Subject to sections 107 through 122, the owner of copyright under this title has the exclusive rights to do and to authorize any of the following:
<snip>
(4) in the case of literary, musical, dramatic, and choreographic works, pantomimes, and motion pictures and other audiovisual works, to perform the copyrighted work publicly;
<snip>
§ 101 Definitions said:
To “display” a work means to show a copy of it, either directly or by means of a film, slide, television image, or any other device or process or, in the case of a motion picture or other audiovisual work, to show individual images nonsequentially.

“Literary works” are works, other than audiovisual works, expressed in words, numbers, or other verbal or numerical symbols or indicia, regardless of the nature of the material objects, such as books, periodicals, manuscripts, phonorecords, film, tapes, disks, or cards, in which they are embodied.

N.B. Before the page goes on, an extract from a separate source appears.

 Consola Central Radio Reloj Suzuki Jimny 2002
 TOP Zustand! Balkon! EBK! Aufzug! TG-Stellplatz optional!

To “perform” a work means to recite, render, play, dance, or act it, either directly or by means of any device or process or, in the case of a motion picture or other audiovisual work, to show its images in any sequence or to make the sounds accompanying it audible.

“Pictorial, graphic, and sculptural works” include two-dimensional and three-dimensional works of fine, graphic, and applied art, photographs, prints and art reproductions, maps, globes, charts, diagrams, models, and technical drawings, including architectural plans.<snip some stuff not relevant to current discussion>

To perform or display a work “publicly” means—
(1) to perform or display it at a place open to the public or at any place where a substantial number of persons outside of a normal circle of a family and its social acquaintances is gathered; or
Your quote above was from the definitions, not the permissible uses of a copyright protected work.

§ 107 · Limitations on exclusive rights: Fair use - There might be some leeway here, if you were being paid to teach the game system, rather than game-master the module. Though it looks as if there is plenty of room for interpretation under fair use. (That's where a case law review and rulings search comes in handy. Queue the legal assistant.)

§ 110 · Limitations on exclusive rights: Exemption of certain performances and displays - paragraph 4 might have helped, except for the "without any purpose of direct or indirect commercial advantage and without payment of any fee or other compensation for the performance to any of its performers, promoters, or organizers,..." and the following sub paragraphs.

So, care to explain to me again where someone would have the right to charge for a public performance under the US copyright laws? I don't think there is a definition that meets your "page by page reading" would be protected, but somehow performing the work as intended would not.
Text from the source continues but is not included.